▸ WORK TO COMPLETE: Only the lines from the one with "Regardless of the" through the end of the material are wanted, copied exactly and with the pictures left out.

▸ SUPPLIED INFORMATION:
* * * * *
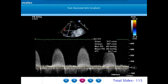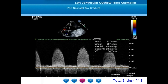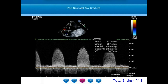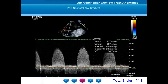After aortic valve valvotomy the gradients have reduced to peak gradient of 40 mmHg and mean gradient of 28 mmHg. We need to understand that the pre-procedural gradients of 70/37 were obtained in the phase of very severe LV systolic dysfunction. However, the post-balloon valvotomy gradients of 40/28 are obtained with good left ventricular systolic function — when LV systolic contractility is good, the gradients will be higher.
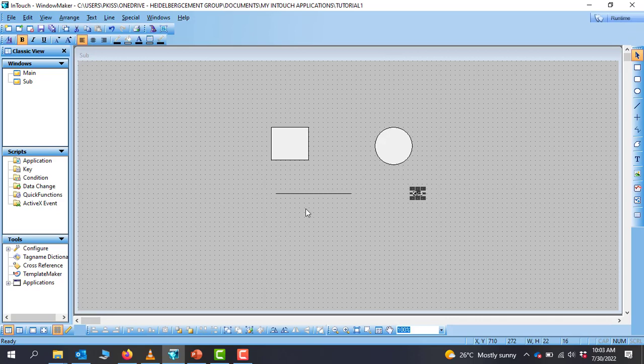So I would like you to practice and go through this. In our next tutorial we'll look at tag creation and then we can do simulation to see how tags and objects work in this particular software. Thank you for watching, see you in the next video. Bye bye.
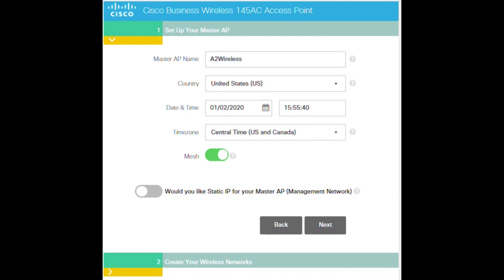Regardless of the deployment, it's important to remember that there can only be one master AP at any time on the network.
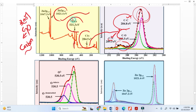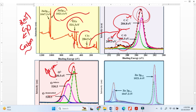Similarly, the oxygen peak — we expand it and resolve it with the high-resolution spectra. We get some peaks here and an asymmetric peak. This asymmetry in the oxygen peak gives us a lot of information about defects and chemisorption.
* * * * *
▸ ANSWER BELOW:
Regardless of the deployment, it's important to remember that there can only be one master AP at any time on the network.
Similarly, the oxygen peak — we expand it and resolve it with the high-resolution spectra. We get some peaks here and an asymmetric peak. This asymmetry in the oxygen peak gives us a lot of information about defects and chemisorption.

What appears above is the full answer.